Amazon employees are expected to protest outside the firm’s warehouses in the UK in a dispute over workers’ rights.

The GMB union told the BBC that it coincides with the start of a ballot in a “bid to force Amazon to recognise a union for the first time” in the country. A GMB spokesman also mentioned that the ballot’s results, which were expected on 15 July, could mean Amazon would be required to negotiate pay and conditions with them.

UK Amazon
Image Source Reuters

GMB Filed Legal Proceedings against Amazon

The US online retailer, which was founded by Jeff Bezos in 1994, stated that their employees “always have” the option to join a union. However, in April, GMB initiated legal action against the company. The GMB union is accusing Amazon of unfair labour practices, alleging the company pressured staff to give up their union memberships. This legal action called an Inducement Claim, accuses Amazon of pressuring workers to give up their right to join a union and negotiate together for better pay, hours, and benefits.

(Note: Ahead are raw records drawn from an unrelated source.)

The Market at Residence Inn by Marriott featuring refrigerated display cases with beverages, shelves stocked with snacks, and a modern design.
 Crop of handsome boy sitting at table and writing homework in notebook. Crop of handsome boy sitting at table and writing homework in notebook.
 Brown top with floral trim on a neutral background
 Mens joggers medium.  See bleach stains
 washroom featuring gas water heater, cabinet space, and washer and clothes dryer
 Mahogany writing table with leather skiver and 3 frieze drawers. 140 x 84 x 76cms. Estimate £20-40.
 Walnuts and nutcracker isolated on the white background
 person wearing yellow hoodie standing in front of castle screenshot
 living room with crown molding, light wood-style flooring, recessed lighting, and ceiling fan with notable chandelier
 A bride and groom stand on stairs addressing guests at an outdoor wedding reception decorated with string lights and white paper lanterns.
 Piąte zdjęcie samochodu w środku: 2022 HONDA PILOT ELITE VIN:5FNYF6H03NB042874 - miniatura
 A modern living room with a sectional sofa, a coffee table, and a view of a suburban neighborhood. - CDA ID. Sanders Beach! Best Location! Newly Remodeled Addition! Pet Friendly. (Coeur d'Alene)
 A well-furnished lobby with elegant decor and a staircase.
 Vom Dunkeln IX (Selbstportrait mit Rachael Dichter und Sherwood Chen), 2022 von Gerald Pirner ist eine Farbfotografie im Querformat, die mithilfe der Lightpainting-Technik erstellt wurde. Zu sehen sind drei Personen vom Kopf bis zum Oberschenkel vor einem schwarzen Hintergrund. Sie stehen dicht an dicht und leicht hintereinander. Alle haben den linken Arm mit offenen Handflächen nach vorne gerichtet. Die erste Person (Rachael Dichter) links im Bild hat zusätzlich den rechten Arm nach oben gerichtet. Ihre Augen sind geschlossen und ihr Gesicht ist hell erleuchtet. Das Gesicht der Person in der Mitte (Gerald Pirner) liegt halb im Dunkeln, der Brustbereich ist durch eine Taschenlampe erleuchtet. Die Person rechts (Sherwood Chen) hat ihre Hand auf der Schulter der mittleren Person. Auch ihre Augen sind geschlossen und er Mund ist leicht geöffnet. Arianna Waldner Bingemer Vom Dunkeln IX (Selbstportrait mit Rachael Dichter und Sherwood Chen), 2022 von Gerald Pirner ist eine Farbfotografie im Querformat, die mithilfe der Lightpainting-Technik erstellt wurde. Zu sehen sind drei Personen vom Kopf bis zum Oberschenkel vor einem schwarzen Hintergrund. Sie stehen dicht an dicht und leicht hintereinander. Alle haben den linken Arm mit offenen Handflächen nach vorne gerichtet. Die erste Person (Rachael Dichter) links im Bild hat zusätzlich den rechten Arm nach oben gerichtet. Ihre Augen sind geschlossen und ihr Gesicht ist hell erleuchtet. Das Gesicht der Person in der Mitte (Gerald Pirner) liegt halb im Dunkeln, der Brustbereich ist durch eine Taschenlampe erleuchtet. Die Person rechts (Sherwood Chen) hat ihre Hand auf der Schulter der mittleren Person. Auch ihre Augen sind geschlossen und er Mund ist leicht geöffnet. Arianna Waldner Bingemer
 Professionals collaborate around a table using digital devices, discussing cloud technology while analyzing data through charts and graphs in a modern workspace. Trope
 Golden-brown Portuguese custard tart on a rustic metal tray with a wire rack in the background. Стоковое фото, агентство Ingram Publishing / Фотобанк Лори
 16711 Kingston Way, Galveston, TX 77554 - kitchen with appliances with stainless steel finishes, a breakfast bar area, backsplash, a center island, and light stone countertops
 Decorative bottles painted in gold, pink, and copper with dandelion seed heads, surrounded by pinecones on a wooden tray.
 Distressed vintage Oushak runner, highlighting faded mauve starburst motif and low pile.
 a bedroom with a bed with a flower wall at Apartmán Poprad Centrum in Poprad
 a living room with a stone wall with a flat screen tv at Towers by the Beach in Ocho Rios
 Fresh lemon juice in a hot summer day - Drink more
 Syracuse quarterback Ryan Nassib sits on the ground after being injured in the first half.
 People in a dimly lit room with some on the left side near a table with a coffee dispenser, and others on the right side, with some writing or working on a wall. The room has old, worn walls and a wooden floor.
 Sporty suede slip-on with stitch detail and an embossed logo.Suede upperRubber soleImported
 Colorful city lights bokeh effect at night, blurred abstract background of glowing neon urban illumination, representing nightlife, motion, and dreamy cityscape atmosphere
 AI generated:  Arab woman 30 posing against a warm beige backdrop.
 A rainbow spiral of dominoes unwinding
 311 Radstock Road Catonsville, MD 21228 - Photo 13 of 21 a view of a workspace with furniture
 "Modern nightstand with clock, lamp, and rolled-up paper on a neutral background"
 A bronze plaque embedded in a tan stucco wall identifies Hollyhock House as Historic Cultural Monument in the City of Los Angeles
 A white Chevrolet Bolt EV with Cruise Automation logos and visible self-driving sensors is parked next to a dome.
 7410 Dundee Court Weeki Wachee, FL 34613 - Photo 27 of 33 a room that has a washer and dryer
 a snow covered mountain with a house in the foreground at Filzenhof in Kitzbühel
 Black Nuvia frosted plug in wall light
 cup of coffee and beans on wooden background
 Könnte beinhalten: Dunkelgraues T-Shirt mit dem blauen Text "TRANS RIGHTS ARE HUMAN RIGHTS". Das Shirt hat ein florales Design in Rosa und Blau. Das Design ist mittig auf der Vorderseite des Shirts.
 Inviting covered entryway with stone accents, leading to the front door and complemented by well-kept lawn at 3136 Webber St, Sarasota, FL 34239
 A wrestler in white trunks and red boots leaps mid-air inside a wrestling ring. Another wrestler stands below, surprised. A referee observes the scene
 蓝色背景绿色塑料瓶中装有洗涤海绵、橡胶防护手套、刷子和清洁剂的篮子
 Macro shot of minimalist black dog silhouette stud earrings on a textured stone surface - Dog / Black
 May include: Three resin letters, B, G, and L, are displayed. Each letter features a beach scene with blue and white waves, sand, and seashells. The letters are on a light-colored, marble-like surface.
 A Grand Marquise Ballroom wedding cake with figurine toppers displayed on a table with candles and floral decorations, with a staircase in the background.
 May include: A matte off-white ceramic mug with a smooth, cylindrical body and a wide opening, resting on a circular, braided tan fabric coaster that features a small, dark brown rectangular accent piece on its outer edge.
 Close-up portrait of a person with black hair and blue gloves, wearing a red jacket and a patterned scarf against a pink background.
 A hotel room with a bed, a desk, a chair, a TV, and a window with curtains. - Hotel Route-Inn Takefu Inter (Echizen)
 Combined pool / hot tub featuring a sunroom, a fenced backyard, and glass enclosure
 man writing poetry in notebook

This legal action follows the GMB’s successful vote to represent Amazon workers at a fulfilment centre. If the GMB’s claim is upheld, it would be the first time a union has gained recognition to bargain for Amazon workers on pay, hours, and holidays outside the United States.

UK Amazon
Image Source GMB

The claims include that Amazon has:

  • Pressured staff to leave the union. Company bosses have erected QR codes in Amazon fulfilment centres, which generate an email to the union’s membership department requesting that membership be cancelled.
  • Forced workers to attend hour-long anti-union seminars. Led by senior company managers, these briefings forced workers to listen to anti-union messages during work time.
  • Displayed anti-union messages throughout Amazon workplaces, including on billboards and screens.
  • Bullied and intimidated union representatives amongst Amazon staff.

GMB Prepares for Potential Pushback from Amazon Ahead of Vote

The GMB union’s fight to represent Amazon workers in Coventry nears its climax. After a decade-long struggle, a vote is scheduled for Monday where 3,000 workers will decide on GMB representation. This hard-won ballot follows an 18-month campaign that included strikes and protests and comes after the government granted union representatives access to the site. To amplify their message, the GMB will also hold protests at the firm’s sites in Warrington, Carlisle and Dartford, Kent, and outside their headquarters in London.

UK Amazon
Image Source PA Media

Tensions Rise Between Amazon and GMB Over Union Allegations

Amanda Gearing, GMB Senior Organiser, said:

“This is a company out of control. Amazon is a multi-billion-pound corporation doing everything in its power to stop minimum-wage workers from forming a union. Their latest American-style anti-union campaign proves they will stop at nothing to beat the rules that every other employer in the UK is expected to follow. It’s desperate measures and goes someway to show why Amazon workers as so determined to win the union recognition they deserve”.

A representative for Amazon stated to BBC, “Our employees have the choice of whether or not to join a union. They always have.”

The representative also noted that Amazon “regularly reviews” pay, adding: “Our minimum starting pay has increased to £12.30 and £13 per hour depending on location— a 20% increase over two years and 50% since 2018.

“We also work hard to provide great benefits, a positive work environment, and excellent career opportunities,” they added.

Image Source GMB

The ongoing dispute between Amazon and GMB highlights the tension between the company’s stance on unionisation and the union’s allegations of coercion. While Amazon asserts that it offers competitive pay, benefits, and the freedom for employees to join unions, GMB’s legal action underscores the union’s concerns about potential anti-union activities. This conflict reflects broader challenges in balancing corporate policies with workers’ rights in today’s labour landscape.